Iron Maiden: The Reincarnation Of Benjamin Breeg

Iron Maiden is the best heavy metal band. Don’t try to argue the point, just accept it. I got into Iron Maiden when I was 10 or so years old after seeing the Be Quick Or Be Dead music video clip from the then-new Fear Of The Dark album. I’ve loved them ever since and am immensely happy to have seen them live on five occasions on two tours.
I’ve always said that Iron Maiden were at their best whenever it was that you discovered Iron Maiden. Ask any two Iron Maiden fans what their favourite album is, and you’ll rarely get the same answer. If two fans do happen to nominate as their favourite the same item from the Iron Maiden discography, it’s unlikely they’ll name the same favourite Iron Maiden song.


My personal favourite Iron Maiden album is Fear Of The Dark because that’s what got me into them at the time.

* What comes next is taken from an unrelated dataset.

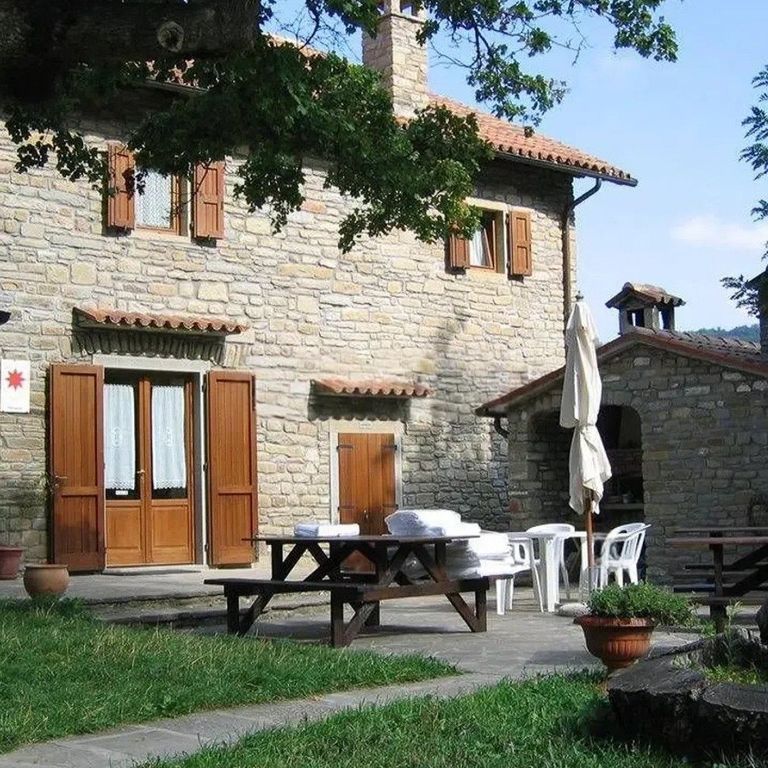 Property photo 1 of 15 Rustic Country House In Tuscany, Palazzuolo Sul Senio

Iron Maiden’s commercial (and critical) success was starting to wane at the time, as was singer Bruce Dickinson’s enthusiasm. Consequently, my second-favourite Iron Maiden album is The X-Factor, the first of the two much-maligned *shock gasp* Blaze Bayley-era-vocals Iron Maiden albums. In the three years that passed between Fear Of The Dark and The X-Factor I grew to love everything there was about Iron Maiden. When you’re a young teenager, three years seems like an eternity, so when The X-Factor finally came out after many delays I just couldn’t get enough of it. I distinctly recall dubbing the album to tape from my grandfather’s CD player (I got my own boombox a year later) and pretty much destroyed the cassette from repeated listens.
So those are in my personal view the two best Iron Maiden albums. As stated, everyone’s opinion will differ. And for that same reason, I also have my least favourite (“least best?”) album by Iron Maiden: A Matter Of Life And Death.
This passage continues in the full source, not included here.